DESCRIPTION OF THE TASK
Copy each line below that has "Shoulder".

PROVIDED INFORMATION
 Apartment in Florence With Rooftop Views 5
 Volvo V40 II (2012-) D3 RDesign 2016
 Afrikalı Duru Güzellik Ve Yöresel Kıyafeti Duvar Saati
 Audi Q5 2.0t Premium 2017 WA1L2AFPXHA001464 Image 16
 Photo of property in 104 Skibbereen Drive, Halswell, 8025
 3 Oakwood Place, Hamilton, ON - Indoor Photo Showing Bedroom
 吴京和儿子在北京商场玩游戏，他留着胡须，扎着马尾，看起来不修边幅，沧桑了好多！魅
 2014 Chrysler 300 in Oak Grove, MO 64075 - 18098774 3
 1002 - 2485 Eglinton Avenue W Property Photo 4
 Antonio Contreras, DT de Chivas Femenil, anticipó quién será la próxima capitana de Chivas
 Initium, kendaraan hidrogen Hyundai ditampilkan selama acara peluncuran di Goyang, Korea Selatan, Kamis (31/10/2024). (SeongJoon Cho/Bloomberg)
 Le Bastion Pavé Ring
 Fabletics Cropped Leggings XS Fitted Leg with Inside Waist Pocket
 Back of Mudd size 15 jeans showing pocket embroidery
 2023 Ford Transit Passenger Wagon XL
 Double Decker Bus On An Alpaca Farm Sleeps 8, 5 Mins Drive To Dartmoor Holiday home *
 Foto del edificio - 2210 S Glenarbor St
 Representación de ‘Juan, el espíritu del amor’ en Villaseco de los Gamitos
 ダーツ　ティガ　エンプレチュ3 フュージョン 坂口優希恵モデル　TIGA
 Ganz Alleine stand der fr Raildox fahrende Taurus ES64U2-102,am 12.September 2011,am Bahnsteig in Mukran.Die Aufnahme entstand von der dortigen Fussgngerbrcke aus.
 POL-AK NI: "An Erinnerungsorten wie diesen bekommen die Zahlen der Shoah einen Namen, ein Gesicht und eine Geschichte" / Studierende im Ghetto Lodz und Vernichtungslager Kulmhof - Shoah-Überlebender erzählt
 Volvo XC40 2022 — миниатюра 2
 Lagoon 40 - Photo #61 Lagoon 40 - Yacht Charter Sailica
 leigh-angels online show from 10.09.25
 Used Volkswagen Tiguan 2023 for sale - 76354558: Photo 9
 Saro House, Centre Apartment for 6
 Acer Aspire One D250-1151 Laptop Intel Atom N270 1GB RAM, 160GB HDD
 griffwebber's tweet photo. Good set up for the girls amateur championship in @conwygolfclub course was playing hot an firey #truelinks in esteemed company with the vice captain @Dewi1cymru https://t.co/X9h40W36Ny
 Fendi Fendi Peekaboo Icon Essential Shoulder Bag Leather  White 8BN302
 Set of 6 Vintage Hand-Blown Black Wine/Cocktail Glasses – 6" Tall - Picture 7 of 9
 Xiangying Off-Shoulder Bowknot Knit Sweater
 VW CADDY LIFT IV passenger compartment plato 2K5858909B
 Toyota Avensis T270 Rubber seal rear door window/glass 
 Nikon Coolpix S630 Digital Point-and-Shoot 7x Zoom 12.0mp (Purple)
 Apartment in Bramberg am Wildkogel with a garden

YOUR SOLUTION
 Fendi Fendi Peekaboo Icon Essential Shoulder Bag Leather  White 8BN302
 Xiangying Off-Shoulder Bowknot Knit Sweater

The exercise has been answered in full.